With COP26 concluded, waves of new and updated climate action plans from countries across the world have been a welcomed (if still insufficient) sight. But the gap between country-level ambition and “safe” (<1.5°C) levels of global heating remains large. To address this gap, city and regional governments and companies from around the world have been pledging their own emissions reduction targets and climate action plans, seeding hope that this groundswell of non-state activity can “bridge the emissions gap.”

But understanding the content of these pledges presents a huge technical challenge. A centralized body for non-state actor pledges or a harmonized set of standards does not yet exist. Some of these climate action plans can take the form of long official planning documents or even codified legislation, while others could look like a simple press release. Compiling, aggregating, and analyzing these different types of subnational climate commitments to figure out how they interact with country-level policy is a huge task, one traditionally accomplished with hundreds of manual searching, coding, and cleaning hours. By the time these processes are accomplished, the information released for the public might already be out of date, presenting a major stumbling block for climate transparency and accounting.
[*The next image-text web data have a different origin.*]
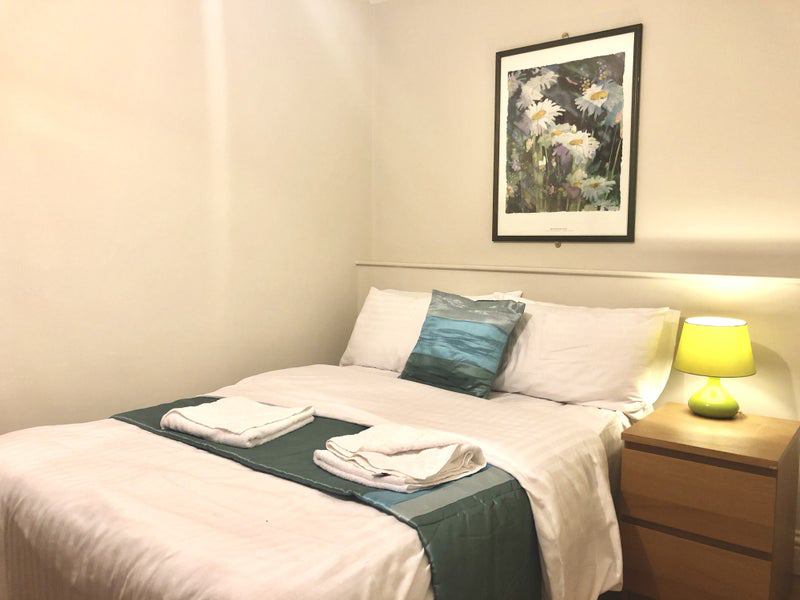 Flat Clapham Road in Greater London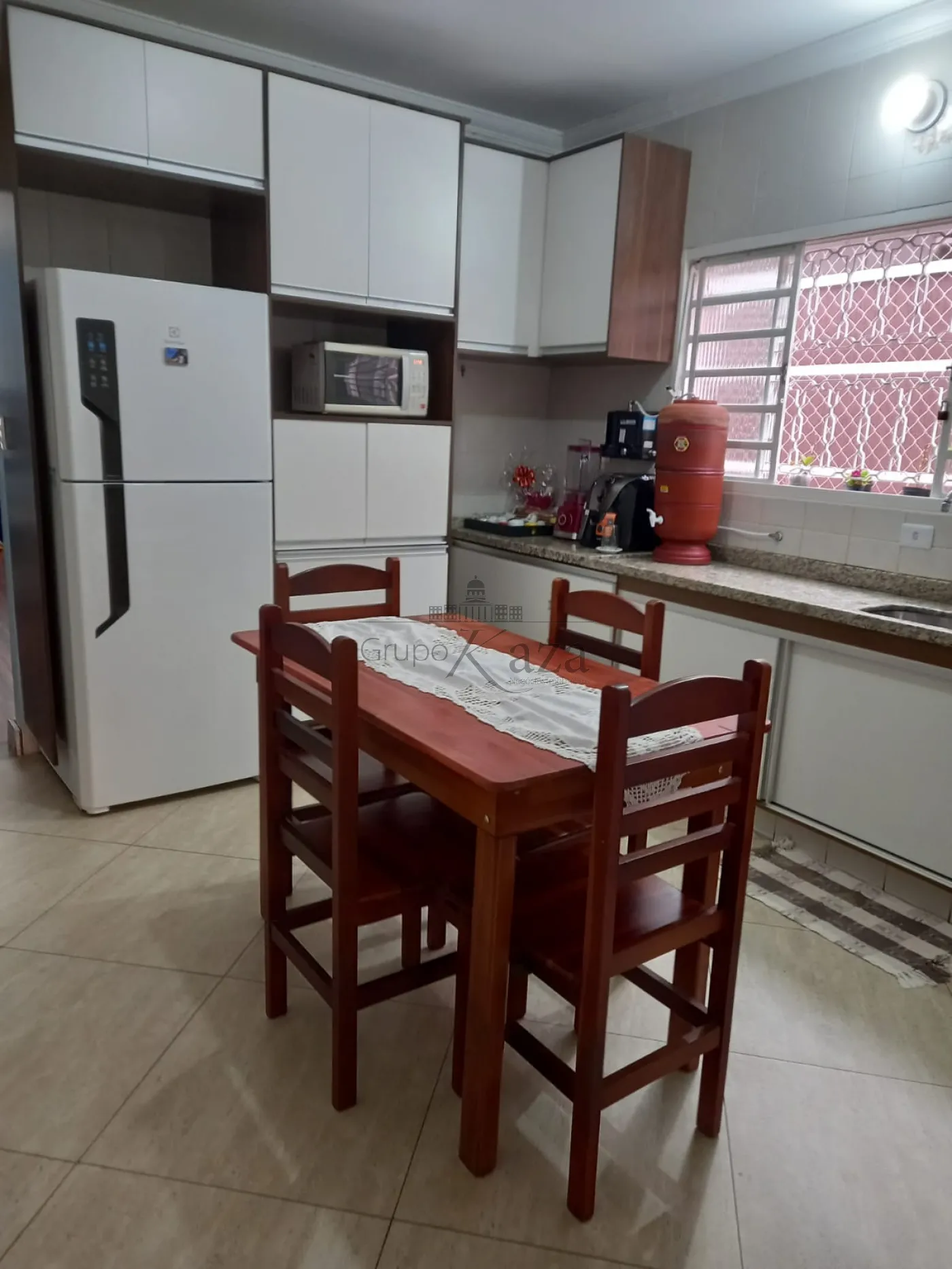 Foto 3 de Casa Sobrado em Vila Indústrial, São José dos Campos - imagem 3 Foto 3 de Casa Sobrado em Vila Indústrial, São José dos Campos - imagem 3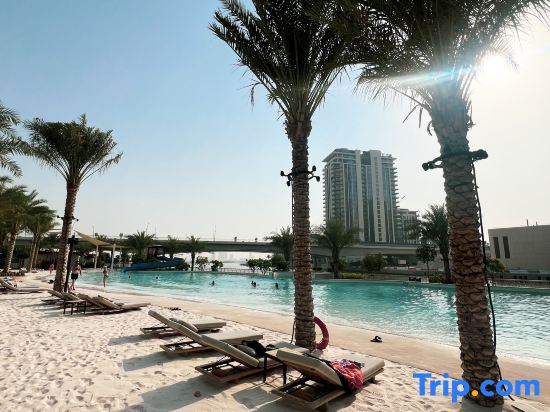 Cozy 1BR with beach access at Vida Residencies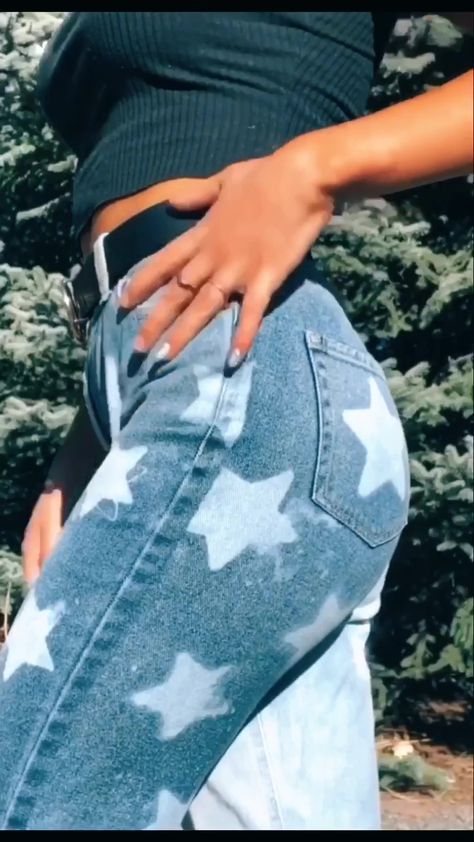 so ig i made jeans | with Music Take It Easy - Surfaces Bleach Jeans Diy, Diy Star, Painted Clothes Diy, Mode Tips, Bleached Jeans, Diy Clothes Videos, Diy Vetement, Diy Fashion Hacks, Custom Jeans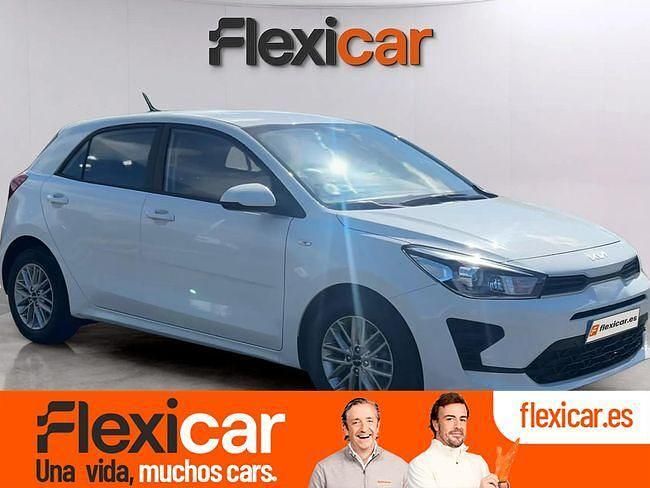 Blanco Usado 2022 Kia Rio Berlina | 11.990 € (Precio justo) - Imagen 1/4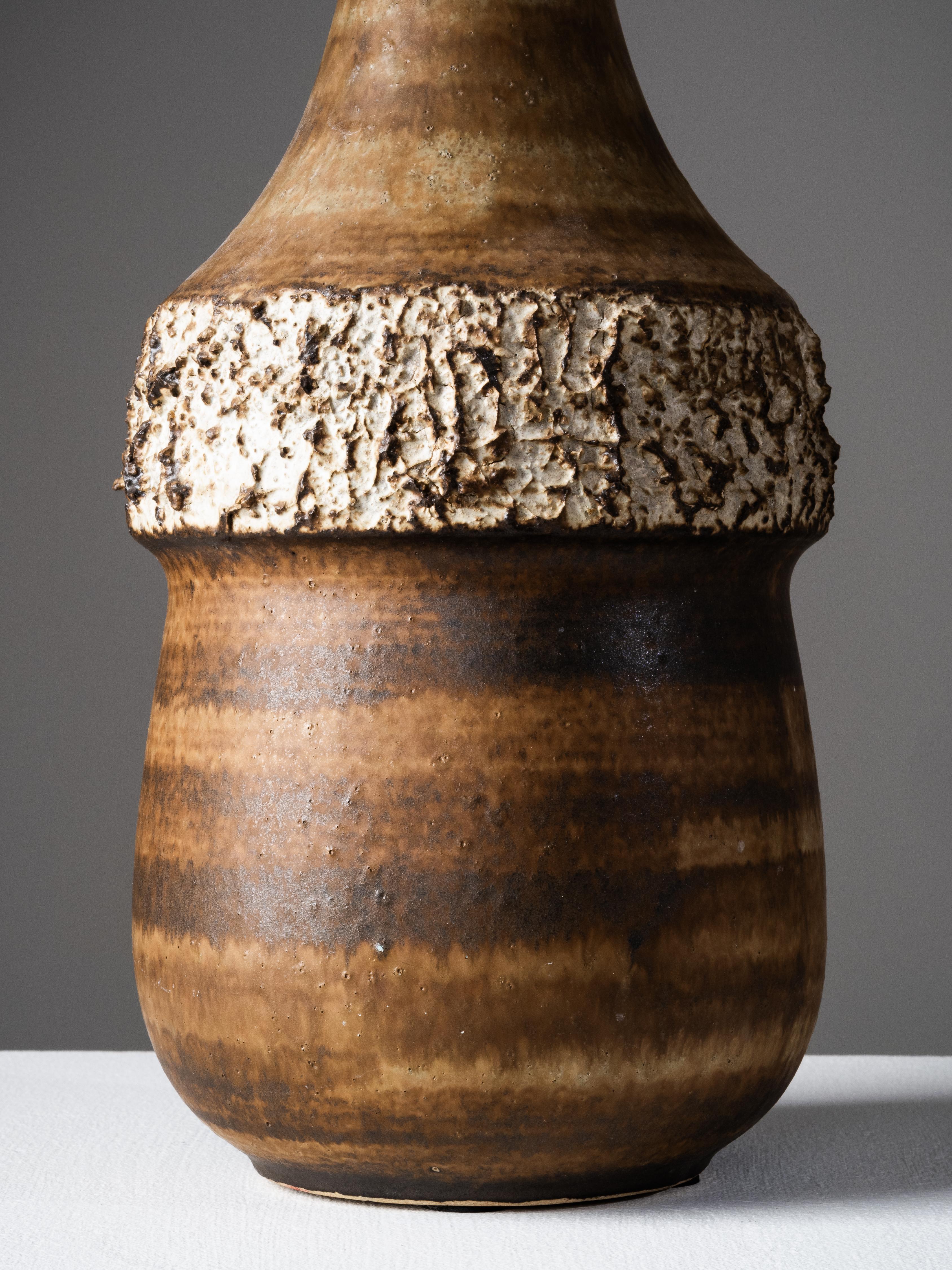 Brown-Glazed Stoneware Table Lamp by Bruno Karlsson for Ego Stengods, 1960s mediados del siglo XX en venta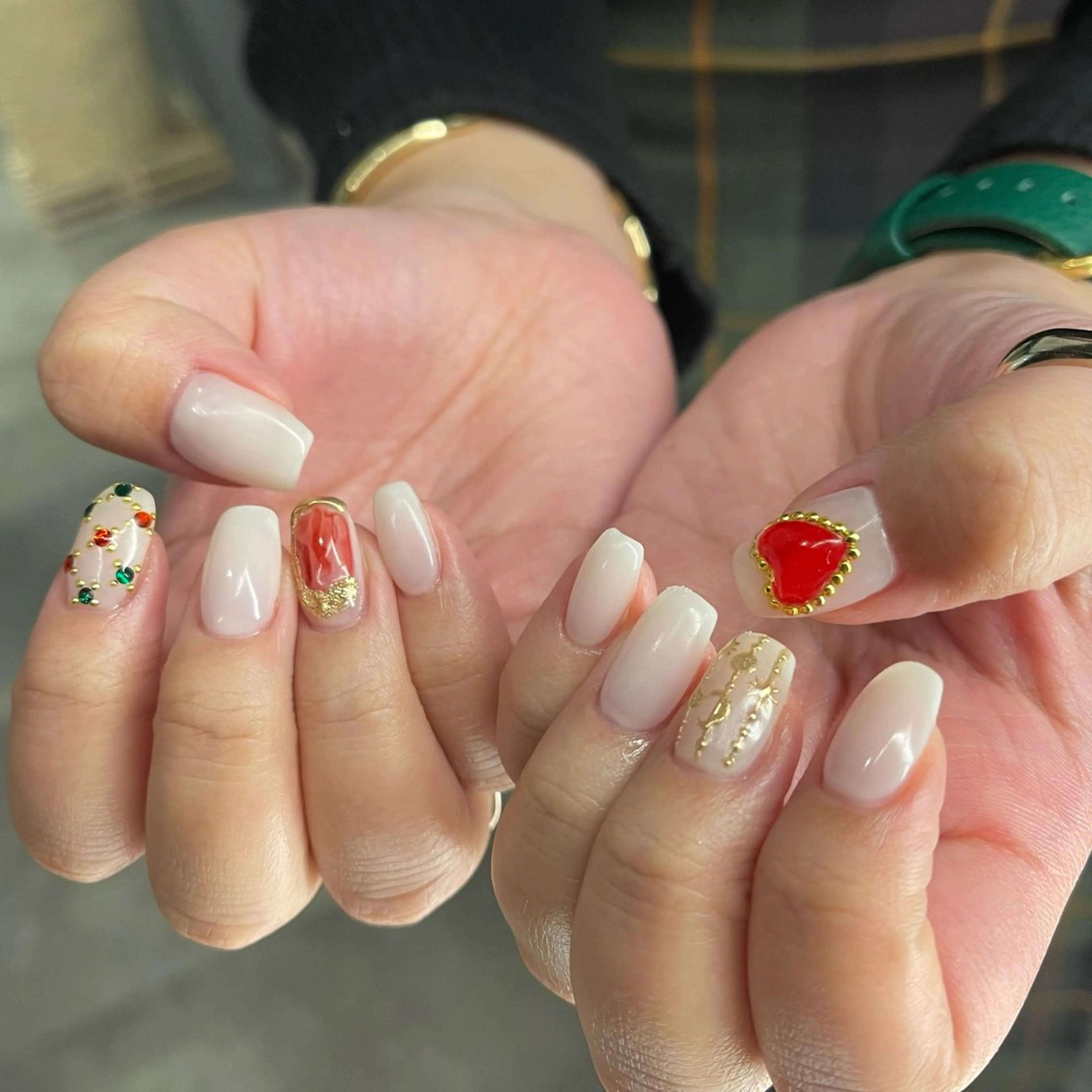 ネイル ハンドネイル chihiro 🗽のネイルデザイン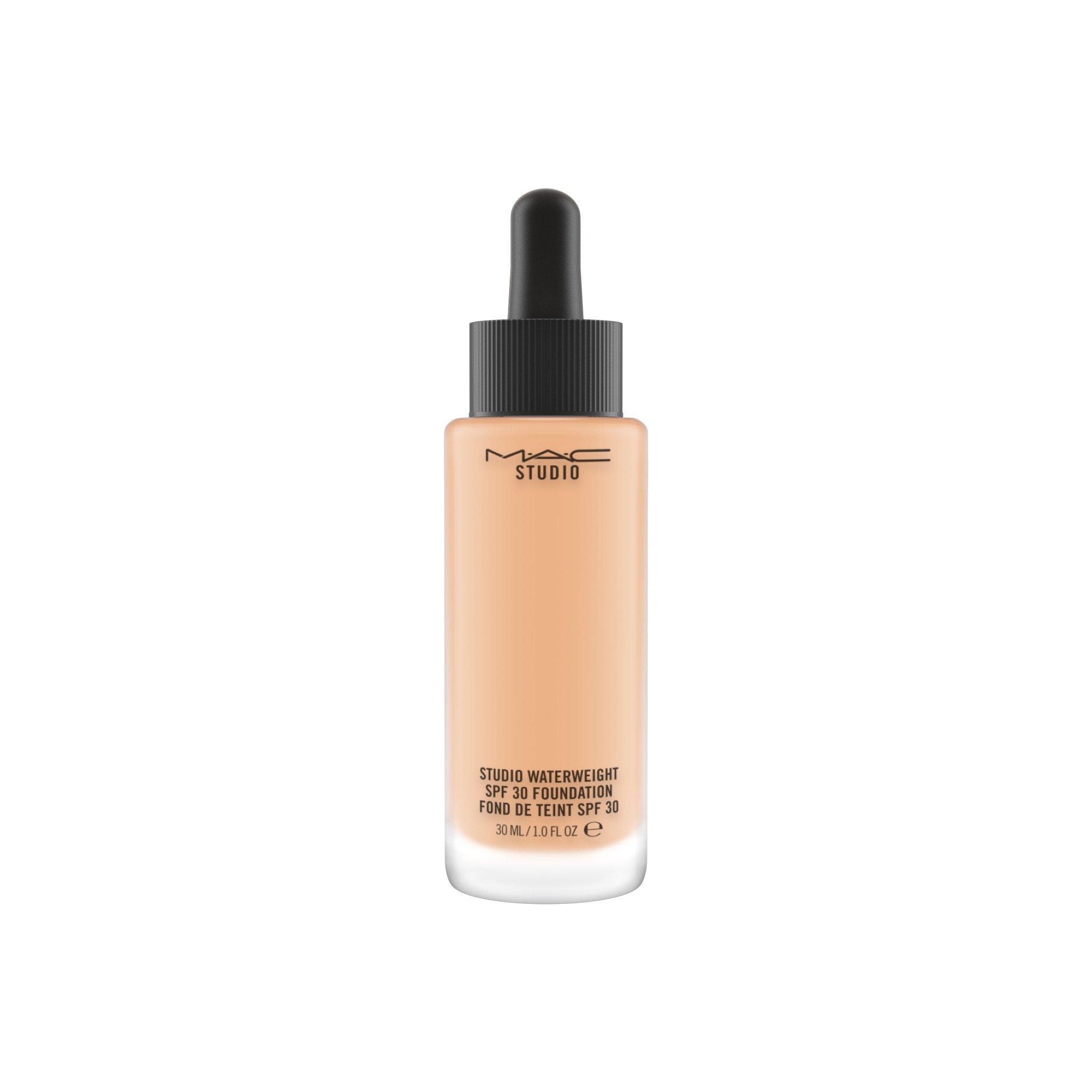 Mac Studio Waterweight SPF 30 Foundation - Nc30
The Data-Driven EnviroLab has recently teamed up with Arboretica, an open-source intelligence technology startup, to utilize next-generation digital approaches to push the frontier of climate action tracking forward. The two groups have been collaborating on an ambitious end-to-end automation of climate action tracking – from searching and identification of new or updated climate action policies, to extraction and coding of the relevant information needed to assess their quality. This work has been trialed already in support of the Net Zero Tracker project, a recently-launched initiative to track the proliferation of so-called “net-zero” climate commitments in an open-source and transparent way. 

Automated searching and target identification, powered by our proprietary algorithmic processes, were utilized in compiling the database for the Net-Zero Tracker. This process drastically reduced manual searching and coding time, and allowed team members to instead shift attention to quality assurance and vetting of data. Additionally, the integration of algorithmic data processing helps the Net Zero Tracker to be “refreshed” in a frequent and replicable manner, ensuring that future versions of the database will be up-to-date and comparable over time. 

DDL and Arboretica plan to continue to work together on pushing forward this technology to provide an end-to-end solution for the Net-Zero Tracker and other climate action tracking initiatives, working towards the goal of real-time, intelligent climate tracking platforms that can provide solutions for the sticky problem of climate accounting.